BEGIN Data excerpts

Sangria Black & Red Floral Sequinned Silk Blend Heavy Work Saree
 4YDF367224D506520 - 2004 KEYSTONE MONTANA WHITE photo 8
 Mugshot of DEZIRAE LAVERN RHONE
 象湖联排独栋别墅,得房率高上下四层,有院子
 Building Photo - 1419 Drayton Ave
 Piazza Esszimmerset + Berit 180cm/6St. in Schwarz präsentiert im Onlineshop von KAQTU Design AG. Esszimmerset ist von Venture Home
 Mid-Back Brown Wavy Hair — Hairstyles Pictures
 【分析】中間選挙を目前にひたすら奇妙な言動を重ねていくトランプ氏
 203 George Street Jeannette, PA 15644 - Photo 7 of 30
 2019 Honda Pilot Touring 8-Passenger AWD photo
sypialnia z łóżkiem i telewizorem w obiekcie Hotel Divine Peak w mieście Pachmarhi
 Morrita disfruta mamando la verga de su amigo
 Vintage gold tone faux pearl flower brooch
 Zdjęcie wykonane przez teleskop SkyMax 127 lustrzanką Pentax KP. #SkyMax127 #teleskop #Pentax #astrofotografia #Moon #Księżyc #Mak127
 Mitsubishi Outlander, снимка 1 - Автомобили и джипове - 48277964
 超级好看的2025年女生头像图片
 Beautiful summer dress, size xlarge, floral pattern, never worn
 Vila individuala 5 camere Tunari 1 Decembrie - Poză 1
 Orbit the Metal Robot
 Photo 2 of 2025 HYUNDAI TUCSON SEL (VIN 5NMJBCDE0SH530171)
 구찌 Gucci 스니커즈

END Data excerpts

→ **What to work on**: Print exactly the lines above from the one with "4YDF367224D506520 - 2004" to the one with "Orbit the Metal Robot", including both.

→ **The answer**:
 4YDF367224D506520 - 2004 KEYSTONE MONTANA WHITE photo 8
 Mugshot of DEZIRAE LAVERN RHONE
 象湖联排独栋别墅,得房率高上下四层,有院子
 Building Photo - 1419 Drayton Ave
 Piazza Esszimmerset + Berit 180cm/6St. in Schwarz präsentiert im Onlineshop von KAQTU Design AG. Esszimmerset ist von Venture Home
 Mid-Back Brown Wavy Hair — Hairstyles Pictures
 【分析】中間選挙を目前にひたすら奇妙な言動を重ねていくトランプ氏
 203 George Street Jeannette, PA 15644 - Photo 7 of 30
 2019 Honda Pilot Touring 8-Passenger AWD photo
sypialnia z łóżkiem i telewizorem w obiekcie Hotel Divine Peak w mieście Pachmarhi
 Morrita disfruta mamando la verga de su amigo
 Vintage gold tone faux pearl flower brooch
 Zdjęcie wykonane przez teleskop SkyMax 127 lustrzanką Pentax KP. #SkyMax127 #teleskop #Pentax #astrofotografia #Moon #Księżyc #Mak127
 Mitsubishi Outlander, снимка 1 - Автомобили и джипове - 48277964
 超级好看的2025年女生头像图片
 Beautiful summer dress, size xlarge, floral pattern, never worn
 Vila individuala 5 camere Tunari 1 Decembrie - Poză 1
 Orbit the Metal Robot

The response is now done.